By Ginna Parsons/NEMS Daily Journal
TUPELO – Diabetes was Kevin Ball’s wake-up call. The 384-pound Ecru resident was already taking medicines for high blood pressure and cholesterol when he was diagnosed with diabetes in 2009. The next year, he began taking medicine to control his sugar.
“I had health issues in my family,” said Ball, 35, a professional recruiter for Employment Services at the North Mississippi Medical Center in Tupelo. “My uncle and both my grandparents were all amputees from diabetes.”
Ball knew he needed to do something quickly to regain control of his health.
“I’d been thinking about bariatric surgery for two or three years,” he said. “As soon as I was diagnosed with diabetes, my doctor said, ‘Have the surgery now.’”
In May 2011, Ball had Roux-en-Y gastric bypass surgery. To date, he has lost 174 pounds, and totally changed the way he cooks and eats.
“I eat when I want but I have to eat it in moderation,” he said. “Portion control is so important. My mother still cooks old school, and when she makes chicken and dumplings, I may eat some, but for me, a serving is a half-cup. With the surgery, you’re still faced with regular food and you can still eat regular food. I just don’t eat much of it.”
Ball calls his new way of eating a lifestyle change, not a diet.
“My tastes have changed,” he said. “Things I used to eat don’t even appeal to me anymore. It has to have a good flavor now for me to eat it.”
Ball laughed when he recalled a salad he ordered from Chili’s recently. He ate part of it in the restaurant and took the rest home. He shared two portions of it with his parents, Louis Wayne and Ruth Ball, who live across the street from him, and still had enough left for two more meals.
“I really got my money’s worth out of that salad,” he said.
Ball has given up the deep-fat fryer, and instead pan sautés or oven fries his chicken, fish and pork chops.
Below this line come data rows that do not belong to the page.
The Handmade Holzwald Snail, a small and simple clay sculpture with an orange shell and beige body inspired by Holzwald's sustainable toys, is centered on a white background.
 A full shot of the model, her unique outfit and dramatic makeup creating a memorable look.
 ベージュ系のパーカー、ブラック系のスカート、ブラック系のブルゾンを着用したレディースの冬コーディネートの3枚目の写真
He’s also learned to oven-fry okra and green tomatoes.
“I’m a texture person,” he said. “I’ve got to have that crunch.”
Just because Ball has changed his way of eating doesn’t mean others around him have. So, he’s still more than happy to make decadent cakes to share with family, co-workers or his church congregation. He may even have a bite or two, but he’s more likely to reach for lean protein first.
“The best part about all of this is, the month after I had my surgery, I had an appointment with my doctor,” Ball said. “All my problems were completely resolved. I no longer have high blood pressure, diabetes or high cholesterol.”